Therefore, the Lord’s anger burns against the evil beings, and against those who welcome the advances of those evil beings. When unclean spirits ruin humans, and when humans degrade the image of God in them, God’s love is rejected, and his anger is kindled.
I want you to understand this because I want you to know God and experience what it is to be known by him, and we can’t enjoy the fullness of that relationship in ignorance.
God is not just angry because he’s a capricious and rebellious little “g” god who is created and who is upset because his days are limited and needs to squeeze as much out of humans as he can.
No! God is angry because evil continues to spoil his image-bearers, and his image-bearers continue to participate in the rebellion of the Watchers as willing rebels. And this rebellion strikes at the heart of God’s nature and will in creation and at the heart of his love for them.

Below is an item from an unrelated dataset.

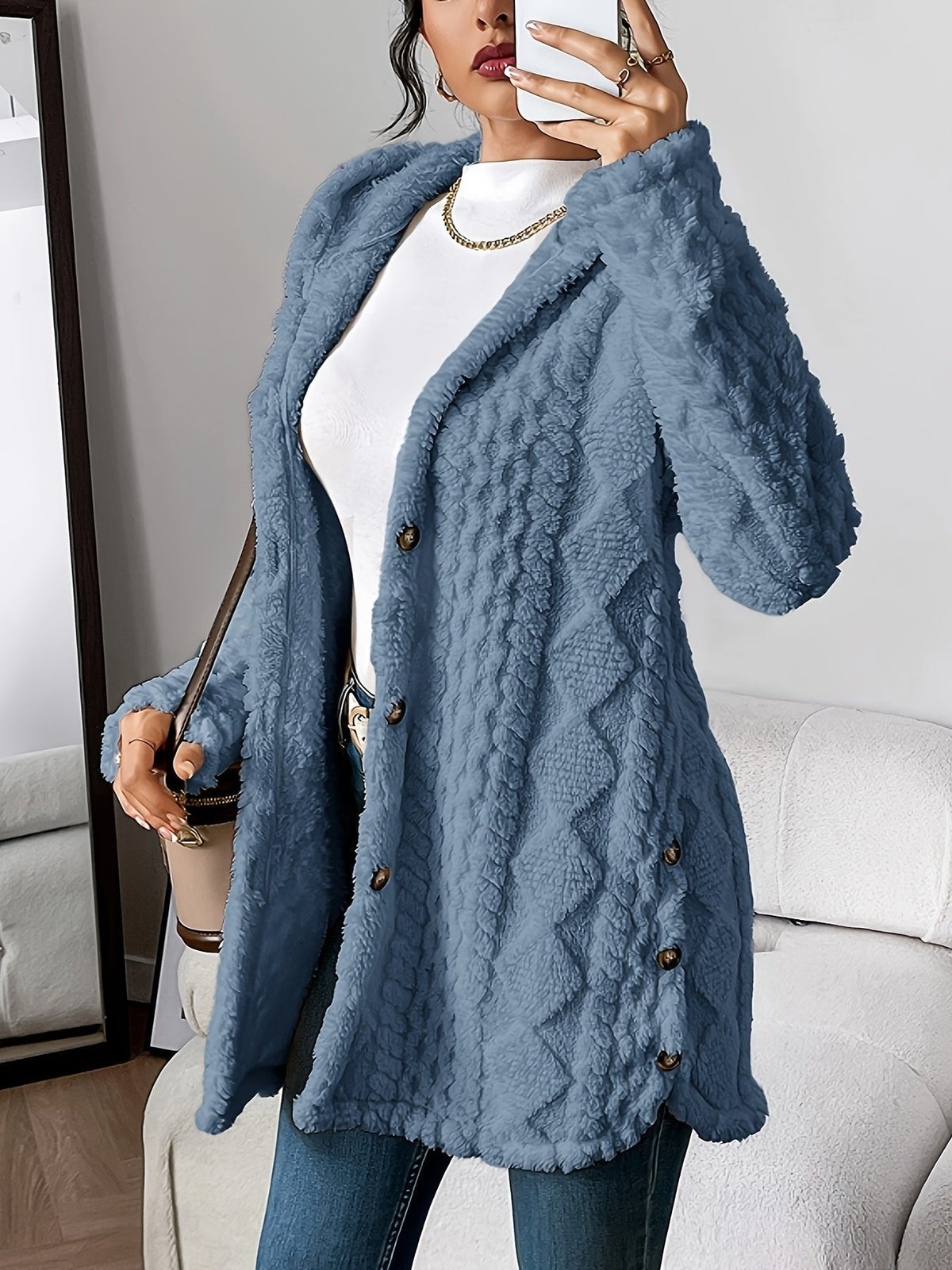 Lang teddy damesvest met capuchon, knopen en kabelpatroon - jeansblauw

And since Jesus is holy, his emotion of anger is correctly stirred.
God gets angry because he loves. God is not anger. God is love, and love wounded rightfully experiences and expresses anger.
God so loved that he created, and that creation has spurned his love. Yet God so loved that he gave his unique Son to come to us and show us the Father’s glory by taking on flesh, living, dying, rising, ascending, and sending Holy Spirit to inhabit and animate to life whoever believes so they would be saved.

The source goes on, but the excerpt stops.